Hepimizin sürekli olarak duyduğu ama tam olarak da içini dolduramadığı Enerji Güvenliği konseptini kısaca şu şekilde açıklayabiliriz;
Endüstriyelleşmesini tamamlamış ülkeler için, 19. yüzyılda “kesintisiz petrol erişimi” endişesiyle ortaya çıkan bu konsept, 1973 petrol krizi sonrası kurulan “Uluslararası Enerji Kurumu” ile resmileşti. Eskiden tek amacı, “kesintisiz ve uygun fiyatta petrol erişimini” sağlamak olan kurum, yeni milenyumun gelmesi, oyuna katılan Çin, Hindistan gibi yeni gelişen ülkeler ve hızlıca artan enerji talebi ile kendine çok farklı bir rol çizmeye başladı. Bu noktada kurumun aldığı aksiyonları şekillendiren ve Enerji Güvenliğini tanımlayan ve temelini sırasıyla Siyasal Bilimler, Mühendislik ve Ekonomiden alan üç yaklaşımdan bahsedebiliriz.
Egemenlik
“Dünyada kalan enerji kaynaklarını kim kontrol edecek?” ve “Devletler bu kaynaklara erişim sağlayabilmek için savaşmayı riske alacak mı?” sorularından yola çıkan bu yaklaşım, devletlerin birbirlerinin enerji erişimini tehlikeye atma potansiyelinden ortaya çıkıyor. Bu soruna da çözüm olarak farklı çeşit enerji kaynakları ile tek bir kaynak ve ülkeye olan bağımlılığın azaltılması öneriliyor. Winston Churchill’in de dediği gibi “Söz konusu petrol kaynakları olduğunda, tek ve en önemli çözüm çeşitliliktir.”
Sağlamlık
Sağlamlık, egemenlik yaklaşımının aksine, enerji kaynaklarının yeterliliğini sorguluyor. Eğer Dünya’da yeterince enerji kaynağı yoksa, bu kaynaklara kimin eriştiğinin de pek bir önemi kalmıyor. Enerjiye olan talebin, enerji kaynakları ve teknolojisine göre çok daha hızlı büyüdüğünün altını çizen bu yaklaşım, enerji üretiminde bir yeniliğe gidilmesi gerektiğini savunuyor.
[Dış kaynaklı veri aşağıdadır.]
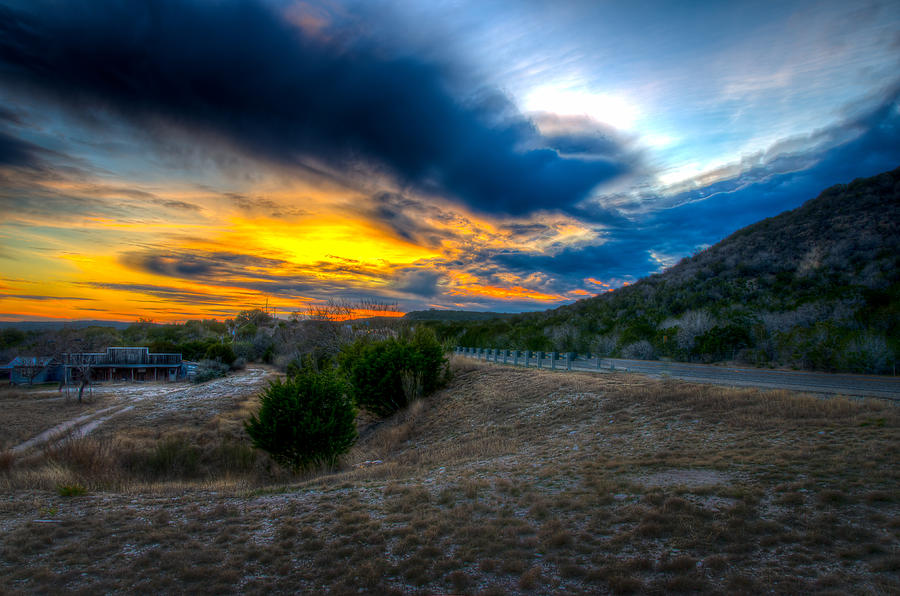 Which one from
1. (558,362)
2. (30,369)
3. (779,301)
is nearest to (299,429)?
(558,362)

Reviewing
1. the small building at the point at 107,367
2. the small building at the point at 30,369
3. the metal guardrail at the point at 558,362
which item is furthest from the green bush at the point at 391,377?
the small building at the point at 30,369

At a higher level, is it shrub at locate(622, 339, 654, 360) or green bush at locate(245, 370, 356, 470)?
shrub at locate(622, 339, 654, 360)

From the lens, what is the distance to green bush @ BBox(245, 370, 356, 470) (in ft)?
46.3

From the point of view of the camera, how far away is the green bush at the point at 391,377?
24.1 m

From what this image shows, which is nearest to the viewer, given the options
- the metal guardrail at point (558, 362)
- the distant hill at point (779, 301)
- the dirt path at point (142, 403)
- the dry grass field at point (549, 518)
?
the dry grass field at point (549, 518)

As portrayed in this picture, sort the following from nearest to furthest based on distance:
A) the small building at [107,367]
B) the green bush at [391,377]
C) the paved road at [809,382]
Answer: the paved road at [809,382], the green bush at [391,377], the small building at [107,367]

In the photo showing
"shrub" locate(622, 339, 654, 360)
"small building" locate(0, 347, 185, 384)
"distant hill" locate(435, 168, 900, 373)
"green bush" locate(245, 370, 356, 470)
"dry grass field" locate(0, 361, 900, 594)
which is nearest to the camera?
"dry grass field" locate(0, 361, 900, 594)

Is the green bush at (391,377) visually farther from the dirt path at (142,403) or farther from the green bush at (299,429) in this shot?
the dirt path at (142,403)

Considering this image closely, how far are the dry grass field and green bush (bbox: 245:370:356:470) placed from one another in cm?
136

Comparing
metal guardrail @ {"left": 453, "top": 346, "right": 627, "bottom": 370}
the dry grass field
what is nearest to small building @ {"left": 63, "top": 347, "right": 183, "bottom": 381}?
metal guardrail @ {"left": 453, "top": 346, "right": 627, "bottom": 370}

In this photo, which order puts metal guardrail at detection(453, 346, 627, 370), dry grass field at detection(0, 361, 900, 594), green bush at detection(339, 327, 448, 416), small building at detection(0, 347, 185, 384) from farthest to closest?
small building at detection(0, 347, 185, 384), green bush at detection(339, 327, 448, 416), metal guardrail at detection(453, 346, 627, 370), dry grass field at detection(0, 361, 900, 594)

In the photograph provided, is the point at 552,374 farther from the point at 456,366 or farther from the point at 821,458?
the point at 821,458

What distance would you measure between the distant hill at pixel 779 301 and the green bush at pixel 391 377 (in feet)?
51.0

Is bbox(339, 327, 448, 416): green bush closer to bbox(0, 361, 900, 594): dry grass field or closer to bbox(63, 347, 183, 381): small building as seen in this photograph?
bbox(0, 361, 900, 594): dry grass field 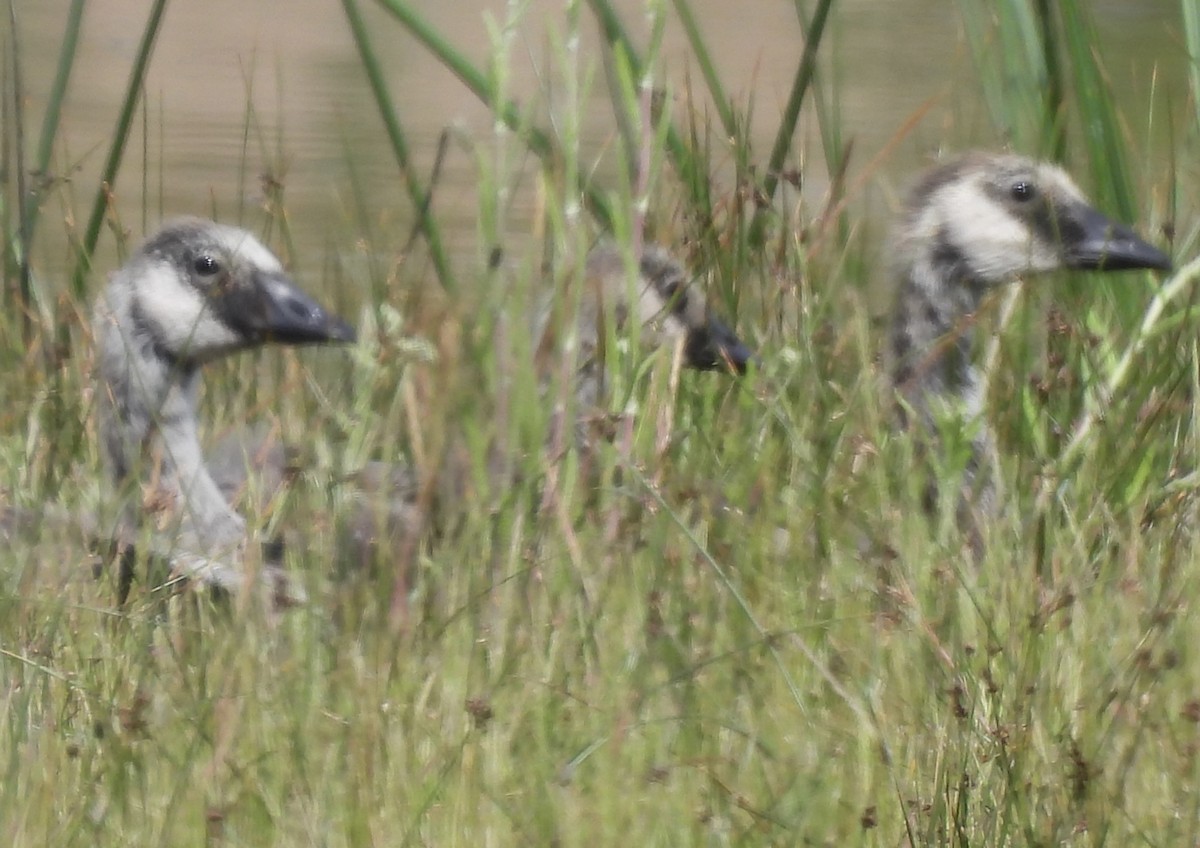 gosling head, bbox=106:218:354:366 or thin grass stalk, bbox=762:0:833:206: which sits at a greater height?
thin grass stalk, bbox=762:0:833:206

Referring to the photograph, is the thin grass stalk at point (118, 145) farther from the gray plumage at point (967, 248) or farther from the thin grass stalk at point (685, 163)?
the gray plumage at point (967, 248)

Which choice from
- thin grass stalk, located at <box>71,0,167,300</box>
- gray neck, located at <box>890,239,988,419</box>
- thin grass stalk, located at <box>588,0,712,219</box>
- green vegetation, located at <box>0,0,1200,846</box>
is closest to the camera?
green vegetation, located at <box>0,0,1200,846</box>

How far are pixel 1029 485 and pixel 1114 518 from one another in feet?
0.58

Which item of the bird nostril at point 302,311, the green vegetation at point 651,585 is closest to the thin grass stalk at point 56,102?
the green vegetation at point 651,585

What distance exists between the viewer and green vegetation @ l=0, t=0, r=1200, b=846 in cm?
273

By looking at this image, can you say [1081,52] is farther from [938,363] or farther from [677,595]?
[677,595]

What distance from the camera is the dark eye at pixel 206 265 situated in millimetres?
4984

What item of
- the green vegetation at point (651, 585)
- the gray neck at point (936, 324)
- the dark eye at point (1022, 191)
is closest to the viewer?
the green vegetation at point (651, 585)

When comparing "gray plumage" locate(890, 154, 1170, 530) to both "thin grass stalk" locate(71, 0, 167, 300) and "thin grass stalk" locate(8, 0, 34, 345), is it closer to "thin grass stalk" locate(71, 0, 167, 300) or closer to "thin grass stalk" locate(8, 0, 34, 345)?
"thin grass stalk" locate(71, 0, 167, 300)

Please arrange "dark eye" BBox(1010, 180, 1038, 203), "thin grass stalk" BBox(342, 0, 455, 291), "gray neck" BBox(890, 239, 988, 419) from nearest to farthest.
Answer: "thin grass stalk" BBox(342, 0, 455, 291) → "gray neck" BBox(890, 239, 988, 419) → "dark eye" BBox(1010, 180, 1038, 203)

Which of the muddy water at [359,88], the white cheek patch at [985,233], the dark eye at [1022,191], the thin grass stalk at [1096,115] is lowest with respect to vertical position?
the muddy water at [359,88]

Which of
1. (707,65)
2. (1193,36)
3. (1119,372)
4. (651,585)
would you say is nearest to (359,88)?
(707,65)

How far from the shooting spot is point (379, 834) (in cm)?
263

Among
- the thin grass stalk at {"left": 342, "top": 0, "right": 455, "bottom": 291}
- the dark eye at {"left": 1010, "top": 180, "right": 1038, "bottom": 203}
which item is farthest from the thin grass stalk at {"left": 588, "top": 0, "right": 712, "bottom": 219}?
the dark eye at {"left": 1010, "top": 180, "right": 1038, "bottom": 203} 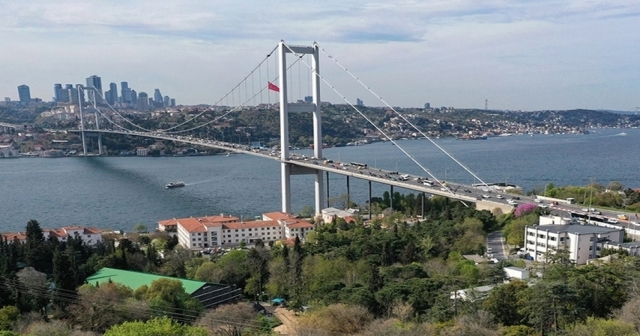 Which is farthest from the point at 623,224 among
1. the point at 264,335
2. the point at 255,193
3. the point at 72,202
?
the point at 72,202

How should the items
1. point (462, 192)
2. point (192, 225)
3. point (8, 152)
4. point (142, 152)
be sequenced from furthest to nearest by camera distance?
point (8, 152) → point (142, 152) → point (192, 225) → point (462, 192)

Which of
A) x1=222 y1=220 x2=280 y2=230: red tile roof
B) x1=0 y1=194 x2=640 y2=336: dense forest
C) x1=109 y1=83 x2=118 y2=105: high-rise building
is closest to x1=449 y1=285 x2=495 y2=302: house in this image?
x1=0 y1=194 x2=640 y2=336: dense forest

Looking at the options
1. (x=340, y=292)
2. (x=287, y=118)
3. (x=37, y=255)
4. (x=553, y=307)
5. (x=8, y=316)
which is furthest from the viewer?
(x=287, y=118)

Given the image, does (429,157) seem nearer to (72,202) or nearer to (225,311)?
(72,202)

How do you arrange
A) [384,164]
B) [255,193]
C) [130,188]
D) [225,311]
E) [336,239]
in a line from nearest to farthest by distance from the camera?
[225,311]
[336,239]
[255,193]
[130,188]
[384,164]

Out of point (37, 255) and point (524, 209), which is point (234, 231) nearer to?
point (37, 255)

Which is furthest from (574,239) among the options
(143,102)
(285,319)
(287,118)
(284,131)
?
(143,102) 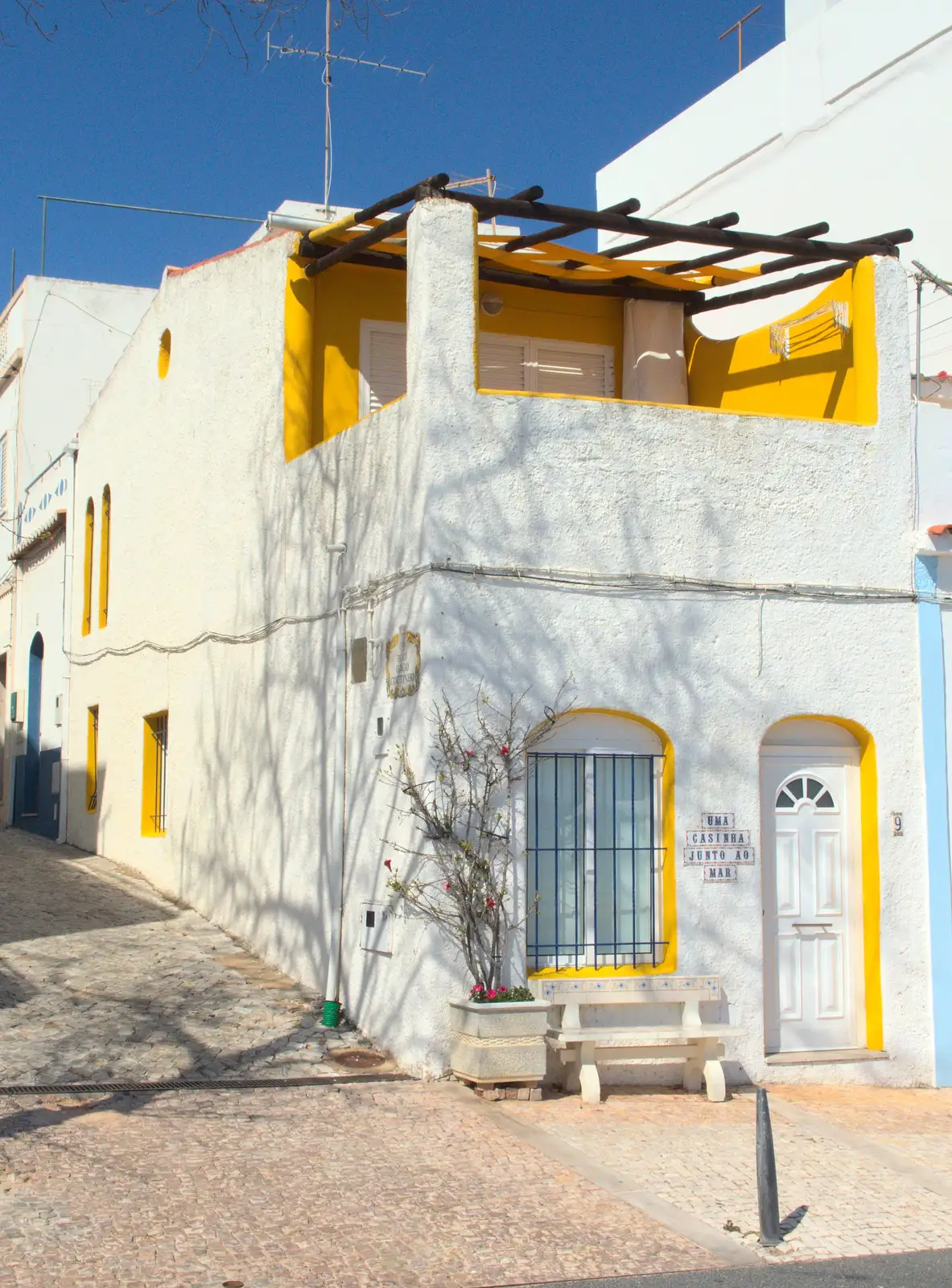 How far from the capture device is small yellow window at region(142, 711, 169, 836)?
16.4 meters

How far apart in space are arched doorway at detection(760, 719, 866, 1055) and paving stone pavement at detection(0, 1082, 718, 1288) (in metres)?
3.00

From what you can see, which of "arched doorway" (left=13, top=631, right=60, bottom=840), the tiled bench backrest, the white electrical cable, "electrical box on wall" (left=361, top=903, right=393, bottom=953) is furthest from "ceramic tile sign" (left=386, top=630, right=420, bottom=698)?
"arched doorway" (left=13, top=631, right=60, bottom=840)

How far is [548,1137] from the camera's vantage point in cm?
837

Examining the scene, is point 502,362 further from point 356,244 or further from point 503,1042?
point 503,1042

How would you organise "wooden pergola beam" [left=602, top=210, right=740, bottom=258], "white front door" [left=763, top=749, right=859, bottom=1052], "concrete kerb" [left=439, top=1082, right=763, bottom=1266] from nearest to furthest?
"concrete kerb" [left=439, top=1082, right=763, bottom=1266]
"white front door" [left=763, top=749, right=859, bottom=1052]
"wooden pergola beam" [left=602, top=210, right=740, bottom=258]

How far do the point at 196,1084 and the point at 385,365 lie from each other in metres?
6.65

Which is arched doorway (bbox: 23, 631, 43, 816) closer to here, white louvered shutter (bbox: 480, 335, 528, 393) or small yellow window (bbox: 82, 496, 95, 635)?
small yellow window (bbox: 82, 496, 95, 635)

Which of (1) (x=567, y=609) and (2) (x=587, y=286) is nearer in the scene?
(1) (x=567, y=609)

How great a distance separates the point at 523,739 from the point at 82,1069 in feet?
11.7

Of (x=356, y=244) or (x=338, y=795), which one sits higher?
(x=356, y=244)

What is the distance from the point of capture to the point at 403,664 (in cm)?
1005

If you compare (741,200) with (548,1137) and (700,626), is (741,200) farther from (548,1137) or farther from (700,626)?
(548,1137)

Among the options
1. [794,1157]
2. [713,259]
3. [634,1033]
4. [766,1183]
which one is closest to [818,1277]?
[766,1183]

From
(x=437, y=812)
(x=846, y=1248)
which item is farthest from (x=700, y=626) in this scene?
(x=846, y=1248) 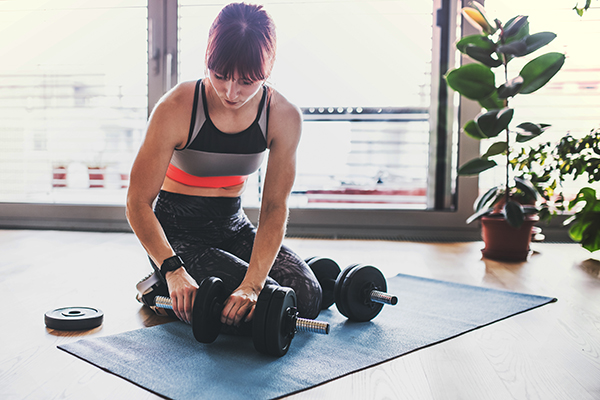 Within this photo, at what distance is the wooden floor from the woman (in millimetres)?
244

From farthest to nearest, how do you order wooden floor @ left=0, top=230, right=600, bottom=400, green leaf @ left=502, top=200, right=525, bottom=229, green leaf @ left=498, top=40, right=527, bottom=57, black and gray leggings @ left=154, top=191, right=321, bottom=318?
green leaf @ left=502, top=200, right=525, bottom=229, green leaf @ left=498, top=40, right=527, bottom=57, black and gray leggings @ left=154, top=191, right=321, bottom=318, wooden floor @ left=0, top=230, right=600, bottom=400

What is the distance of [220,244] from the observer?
143 cm

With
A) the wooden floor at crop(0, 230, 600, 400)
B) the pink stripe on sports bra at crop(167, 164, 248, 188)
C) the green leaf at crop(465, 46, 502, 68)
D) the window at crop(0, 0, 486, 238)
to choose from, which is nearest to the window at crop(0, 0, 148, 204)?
the window at crop(0, 0, 486, 238)

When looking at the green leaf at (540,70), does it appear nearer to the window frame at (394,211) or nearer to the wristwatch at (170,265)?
the window frame at (394,211)

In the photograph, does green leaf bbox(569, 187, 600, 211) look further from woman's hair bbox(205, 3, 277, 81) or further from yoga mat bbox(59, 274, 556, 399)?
woman's hair bbox(205, 3, 277, 81)

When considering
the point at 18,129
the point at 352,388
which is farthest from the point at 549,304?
the point at 18,129

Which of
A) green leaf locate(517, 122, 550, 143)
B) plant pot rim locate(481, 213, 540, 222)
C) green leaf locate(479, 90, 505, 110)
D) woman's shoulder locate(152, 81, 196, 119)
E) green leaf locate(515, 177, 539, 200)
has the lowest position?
plant pot rim locate(481, 213, 540, 222)

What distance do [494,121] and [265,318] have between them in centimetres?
144

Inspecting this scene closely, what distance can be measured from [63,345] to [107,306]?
330 mm

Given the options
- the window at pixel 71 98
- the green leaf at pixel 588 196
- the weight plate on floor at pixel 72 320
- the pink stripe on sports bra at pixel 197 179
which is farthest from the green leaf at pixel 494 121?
the window at pixel 71 98

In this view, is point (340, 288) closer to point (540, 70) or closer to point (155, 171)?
point (155, 171)

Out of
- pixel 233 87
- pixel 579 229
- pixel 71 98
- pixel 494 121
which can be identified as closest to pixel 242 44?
pixel 233 87

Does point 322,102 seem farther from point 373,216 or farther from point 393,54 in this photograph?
point 373,216

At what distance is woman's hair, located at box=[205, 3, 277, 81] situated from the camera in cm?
101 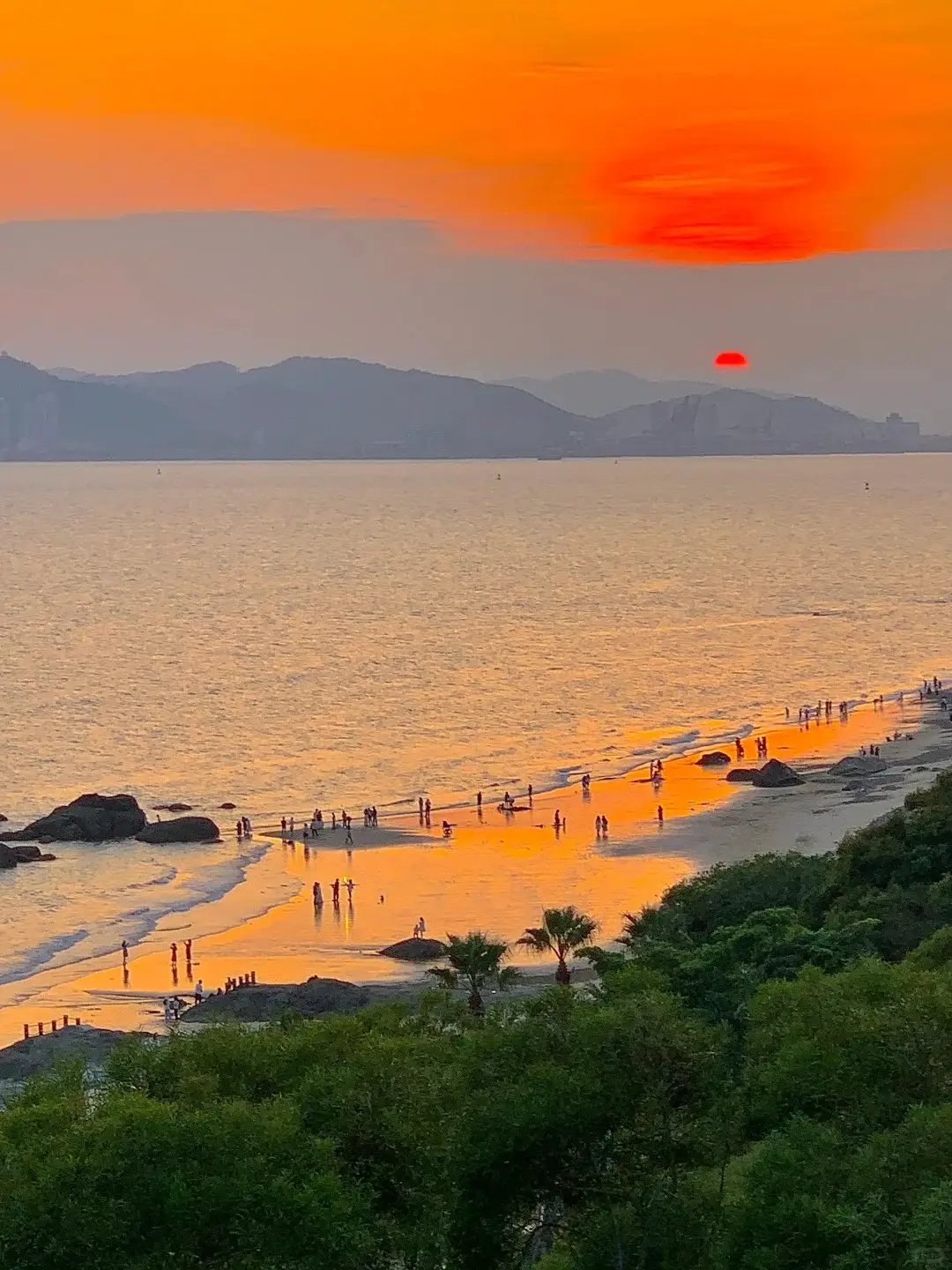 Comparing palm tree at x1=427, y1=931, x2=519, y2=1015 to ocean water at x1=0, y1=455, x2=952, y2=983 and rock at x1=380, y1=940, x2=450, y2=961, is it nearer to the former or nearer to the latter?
rock at x1=380, y1=940, x2=450, y2=961

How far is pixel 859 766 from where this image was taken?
53906 mm

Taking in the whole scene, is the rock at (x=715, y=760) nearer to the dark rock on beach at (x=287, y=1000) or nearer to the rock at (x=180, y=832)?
the rock at (x=180, y=832)

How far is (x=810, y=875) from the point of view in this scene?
105 ft

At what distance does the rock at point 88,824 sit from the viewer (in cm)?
4884

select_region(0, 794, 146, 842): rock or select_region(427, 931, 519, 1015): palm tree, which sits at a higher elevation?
select_region(427, 931, 519, 1015): palm tree

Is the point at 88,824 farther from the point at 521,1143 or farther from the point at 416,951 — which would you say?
the point at 521,1143

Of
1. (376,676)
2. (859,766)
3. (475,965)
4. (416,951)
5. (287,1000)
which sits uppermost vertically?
(475,965)

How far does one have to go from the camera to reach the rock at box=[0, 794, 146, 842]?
160 ft

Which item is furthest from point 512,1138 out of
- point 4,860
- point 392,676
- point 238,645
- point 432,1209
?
point 238,645

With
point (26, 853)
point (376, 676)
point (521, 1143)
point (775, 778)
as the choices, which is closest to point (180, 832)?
point (26, 853)

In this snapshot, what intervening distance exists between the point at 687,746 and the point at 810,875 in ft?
97.8

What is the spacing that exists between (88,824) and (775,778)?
20466 millimetres

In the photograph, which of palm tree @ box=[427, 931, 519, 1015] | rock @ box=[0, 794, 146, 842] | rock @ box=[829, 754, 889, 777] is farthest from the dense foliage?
rock @ box=[829, 754, 889, 777]

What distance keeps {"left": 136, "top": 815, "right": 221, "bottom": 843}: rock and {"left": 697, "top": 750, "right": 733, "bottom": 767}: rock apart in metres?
17.1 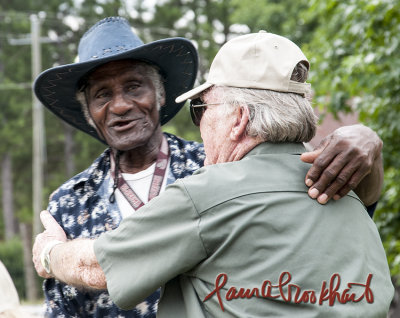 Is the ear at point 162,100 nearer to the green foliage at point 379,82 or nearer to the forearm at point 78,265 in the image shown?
the forearm at point 78,265

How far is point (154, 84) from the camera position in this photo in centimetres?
321

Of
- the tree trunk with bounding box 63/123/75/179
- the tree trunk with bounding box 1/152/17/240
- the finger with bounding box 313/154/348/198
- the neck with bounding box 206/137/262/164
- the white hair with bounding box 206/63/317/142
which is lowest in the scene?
the tree trunk with bounding box 1/152/17/240

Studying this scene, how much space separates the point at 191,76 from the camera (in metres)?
3.40

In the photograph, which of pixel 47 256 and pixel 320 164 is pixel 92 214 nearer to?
pixel 47 256

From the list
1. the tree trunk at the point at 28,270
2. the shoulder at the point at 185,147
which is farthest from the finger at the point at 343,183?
the tree trunk at the point at 28,270

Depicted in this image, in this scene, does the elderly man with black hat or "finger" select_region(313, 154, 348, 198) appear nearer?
"finger" select_region(313, 154, 348, 198)

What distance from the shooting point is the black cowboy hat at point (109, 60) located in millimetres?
3027

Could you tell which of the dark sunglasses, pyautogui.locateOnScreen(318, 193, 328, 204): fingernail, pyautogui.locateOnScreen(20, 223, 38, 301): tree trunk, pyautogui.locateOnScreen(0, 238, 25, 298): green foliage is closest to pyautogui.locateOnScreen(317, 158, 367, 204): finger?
pyautogui.locateOnScreen(318, 193, 328, 204): fingernail

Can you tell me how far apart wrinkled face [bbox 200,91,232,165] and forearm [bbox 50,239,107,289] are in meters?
0.53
Dolayısıyla “Dünya’da ne kadar enerji kaynağı kaldı?” ve “Bu kaynaklara erişmek ne kadar zor?” sorularını sorarak, enerji üretim sistemlerinin sürdürülebilir ve güvenli olması gerektiğini savunuyor. Yenilenebilir enerji ve kaya gazı enerji üretim sistemlerinin bu temele dayandırılarak oluşturulduğunu söyleyebiliriz. Siber Atakların enerji sistemlerine de yöneltilmeye başlandığı bu dönemde, güvenli ve sağlam enerji sistemleri kurabilmek her devlet için çok önemli.
Dayanıklılık
Son olarak enerji pazarını sorgulayan bu yaklaşım, diğer pazarların aksine enerji pazarının çok belirsiz, dengesiz ve dış tehditlere açık olduğunu sorguluyor. Devlet politikaları, ekonomik krizler, küresel ısınma, hükümet değişikliği vb. gibi çoğu etki, insan hayatında çok önemli bir yeri olan enerjiye erişimi tamamen kapatmaya yönelik tehditler oluşturuyor. Diğer iki yaklaşımın aksine, Dayanıklılık düşüncesi, enerji pazarının bu tarz beklenmeyen değişikliklere karşı esnek ve enerjiye uygun fiyatta erişimi kesinleştirecek kadar sağlam olması gerektiğini düşünüyor. Bu düşünceyi şekillendiren temel sorulardan birisine örnek olarak “Küresel ekonomi ve enerji sistemleri giderek azalan petrol üretimine karşı uygun enerji pazarları kurabilecek mi?” verilebilir.